Vincent De Haître a pris sa décision. Il va tenter le grand coup et essayer de participer à deux aventures olympiques en l’espace de sept mois.
Vincent De Haître a pris sa décision. Il va tenter le grand coup et essayer de participer à deux aventures olympiques en l’espace de sept mois.

De Haître s’inspire de Pierre Harvey

Plusieurs nuits blanches et cinq semaines plus tard, Vincent De Haître a pris sa décision. Il va tenter le grand coup et essayer de participer à deux aventures olympiques en l’espace de sept mois.

L’athlète franco-ontarien de Cumberland croit être capable de s’entraîner autant en cyclisme sur piste qu’en patinage de vitesse dans la prochaine année. Ce qui lui permettrait de participer aux Jeux d’été à Tokyo en juillet 2021, puis les Jeux d’hiver en février 2022 où il espère gagner une médaille à Pékin.

«Ça va être chargé pendant les 12 prochains mois. Ça va être pas mal rock and roll, avoue-t-il.

«Mais c’est la décision qui a le plus de sens pour une situation qui est loin d’être idéale. C’est un beau compromis. Je pense que ça se fait.»
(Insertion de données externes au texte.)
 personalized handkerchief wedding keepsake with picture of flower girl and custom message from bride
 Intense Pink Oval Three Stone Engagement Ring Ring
De Haître donne l’exemple de Pierre Harvey, qui était de l’aventure à Sarajevo en 1984 en ski de fond. Quelques mois plus tard à l’été, il roulait à Los Angeles.
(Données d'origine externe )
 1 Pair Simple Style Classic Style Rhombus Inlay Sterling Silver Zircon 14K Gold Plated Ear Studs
Pierre Harvey lors de la Gatineau Loppet en 2017

«Ça fait longtemps de ça, mais ça se fait», note-t-il.

L’homme de 25 ans faisait face à un dilemme depuis que le CIO eut annoncé le report d’un an des Jeux de Tokyo initialement prévus cet été. Il devait y participer.

Cyclisme Canada s’apprêtait à annoncer son équipe pour les épreuves sur piste lorsque la pandémie de la COVID-19 a tout changé.

De Haître avait prévu renouer à la fin de l’été avec le patinage de vitesse, discipline dans laquelle il compte déjà deux participations olympiques. Il avait délaissé l’équipe nationale au printemps 2018 afin de se qualifier pour les JO en sol japonais.

Patinage de vitesse Canada avait donné sa bénédiction à l’ancien vice-champion du monde sur 1000 m.

«Là, j’avais trois options avec les Jeux d’été qui étaient repoussés à 2021, relate-t-il.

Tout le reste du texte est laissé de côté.